● WHAT THE TASK REQUIRES
All lines from the one containing "Alt view image" through the end of the material are to be given back exactly, without pictures.

● AVAILABLE DATA
* * * * * * * * *
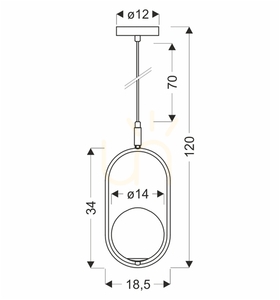 Lampa wisząca CORDEL czarny G9 28W CANDELLUX 31-44068 small 4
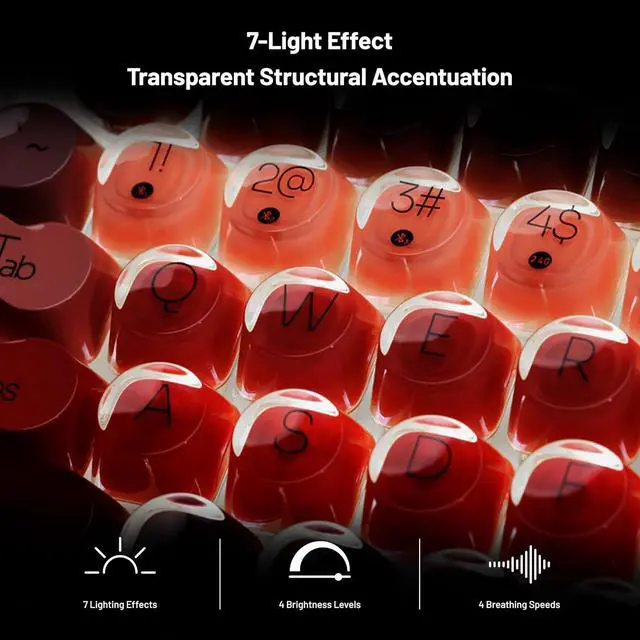 Alt view image 2 of 7 - DOT Lipstick Elegant 84 Keys Mechanical Keyboard, White Backlit Hot-Swappable Rechargeable Wireless Keyboard with Gasket Design, 3 Modes Connection for Windows, macOS/GATERON Linear Switches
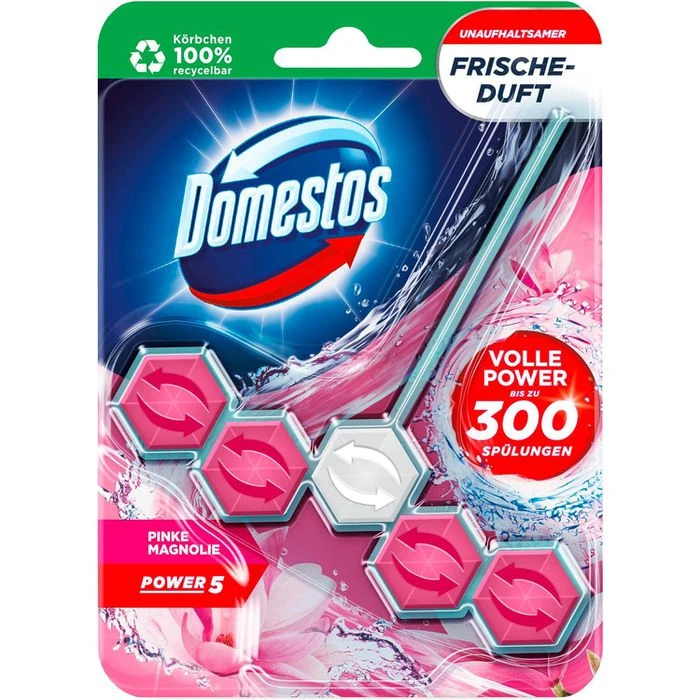 Domestos WC-Duftspüler Active Blue Blauspüler, Pinke Magnolie, Färbt Das Wasser Blau, Im Korb 1 Domestos WC-Duftspüler Active Blue Blauspüler, Pinke Magnolie, Färbt Das Wasser Blau, Im Korb
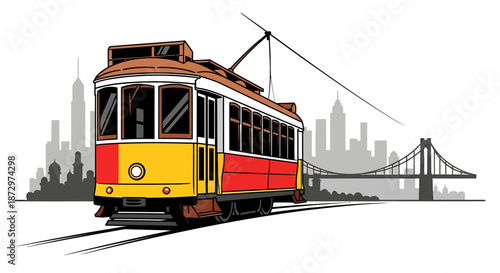 Hand drawn illustration of a classic yellow and red tram.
* * * * * * * * *
● RESPONSE TO THIS TASK
 Alt view image 2 of 7 - DOT Lipstick Elegant 84 Keys Mechanical Keyboard, White Backlit Hot-Swappable Rechargeable Wireless Keyboard with Gasket Design, 3 Modes Connection for Windows, macOS/GATERON Linear Switches
 Domestos WC-Duftspüler Active Blue Blauspüler, Pinke Magnolie, Färbt Das Wasser Blau, Im Korb 1 Domestos WC-Duftspüler Active Blue Blauspüler, Pinke Magnolie, Färbt Das Wasser Blau, Im Korb
 Hand drawn illustration of a classic yellow and red tram.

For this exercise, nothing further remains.